On trouve des huîtres partout dans le monde, dans des sites abrités – bassin, étangs, lagons –, là où l’eau est assez oxygénée et salée. Mais un méchant virus décime les précieux mollusques, qui pourraient déserter, à terme, les tables de fêtes. Focus sur les difficultés du marché ostréicole.
Article rédigé par Catherine Le Brech
France Télévisions
Publié Mis à jour
Temps de lecture : 3 min
Des Bouzigues, pêchées dans l'étang de Thau, dans l'Hérault.  (AFP PHOTO PASCAL GUYOT)

En 2006, les amateurs en mangeaient quelque 4,7 millions de tonnes dans le monde, selon Cultures Marines. Premiers consommateurs et producteurs, les Chinois qui s’approprient 80% du marché mondial, avec 3,7 millions de tonnes produites. Suivent ensuite la Corée du Sud (241.000 tonnes produites), le Japon (210.000 tonnes), les Etats-Unis (129.000) et, bonne 5e, la France (105.000).

Le marché hexagonal, le premier en Europe, représente 90% de la production européenne. Il est très lié aux saisons, la moitié de la consommation annuelle ayant lieu durant les fêtes de fin d’année (Rungis en vend trois fois plus en décembre qu’un mois normal). Les sites ostréicoles sont nombreux en France (Normandie, Bretagne, Méditerranée, Bassin d’Arcachon, de Marennes-Oléron, étang de Thau, de Leucate…).
 
La filière se retrouve près d'Arcachon
Un premier Mondial de l'huître a vu le jour fin novembre 2012 à Gujan-Mestras, en Gironde. Il a mis en présence quelque 370 acteurs mondiaux de la filière – producteurs, scientifiques, experts de la commercialisation… venus de vingt-cinq pays, dont la Nouvelle-Zélande, l'Australie, la Chine, la Corée, le Japon, les Etats-Unis, le Canada et le Mexique.
 

Tous craignent pour la survie du secteur de l’huître creuse, laminé par le fort taux de mortalité des naissains, notamment en France, en Espagne, au Portugal, en Australie et en Nouvelle-Zélande. Aucun des pays producteur n’y échappe.
 
En cause, un herpès virus
Si l'acidification des océans et l'insuffisance de l'oxygène dans certaines zones, voire le réchauffement climatique, ont des effets négatifs sur la santé de ces coquillages (à l’état sauvage ou en culture), selon l’Institut français de recherche pour l'exploitation de la mer (Ifremer), la surmortalité des creuses de type Crassostrea Gigas (90% des huîtres creuses exploitées dans le monde) est principalement due à la présence d’un herpès virus, l’OsHV-1.
 
Il semblerait que les souches du virus mortel en cause, qui a muté depuis 2008, soient différentes selon les pays.
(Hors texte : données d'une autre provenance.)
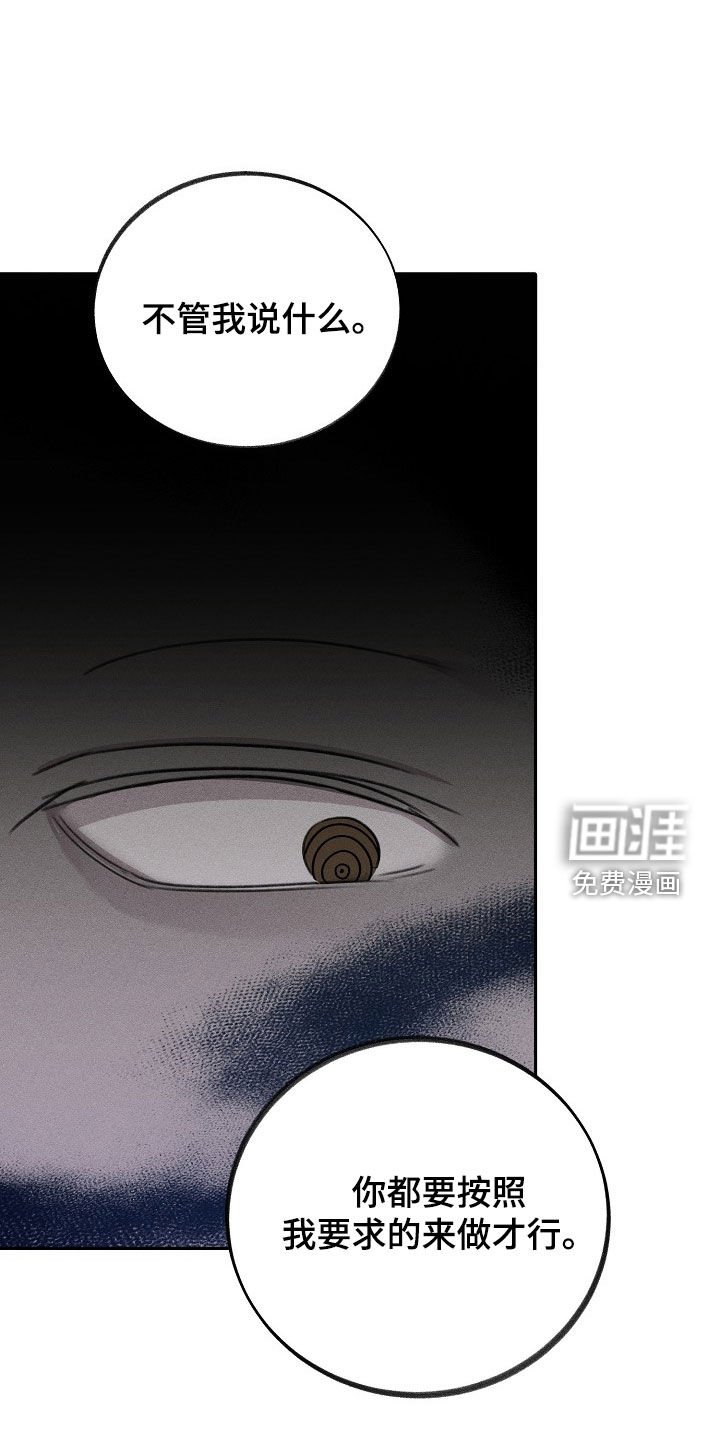 第16章：最合适的样子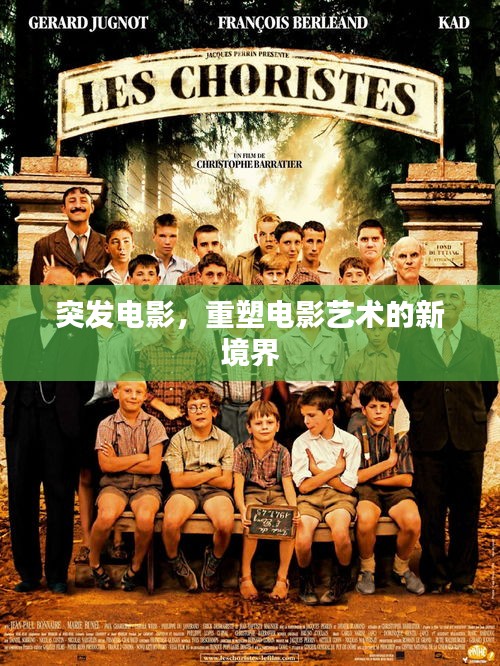 突发电影，重塑电影艺术的新境界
L’huître plate (10% de la production française) n’est pas impactée par le phénomène.

Une hécatombe depuis 2008
Les ostréiculteurs traditionnels, dont les huîtres naissent en mer, se demandent si les triploïdes introduites notamment en France par l'Ifremer dans les années 90 n'auraient pas conduit pas à un affaiblissement du capital immunitaire des huîtres. Voire même si ces triploïdes ne sont pas à l'origine de la mutation du virus. Ces huîtres dites des «quatre saisons» sont des mutantes rendues stériles par manipulation du nombre de leurs chromosomes. Elles arrivent à maturité en deux ans au lieu de trois dans le cas des diploïdes, mollusques non-trafiqués.
 
En 2011, dans l’Hexagone, le taux de mortalité a atteint 73% des larves issues de captages naturels et 43% de celles nées en écloseries. «Entre 1995 et 2007, les taux de mortalité sont restés relativement stables au niveau national, et situés aux alentours de 15%», selon l'Ifremer, mais «2008 a montré un accroissement brutal et depuis, le taux reste élevé (...) atteignant 63% en moyenne nationale en 2011.»
 

Naissains : tout le littoral français est touché par un virus mortel. (AFP PHOTO PASCAL GUYOT)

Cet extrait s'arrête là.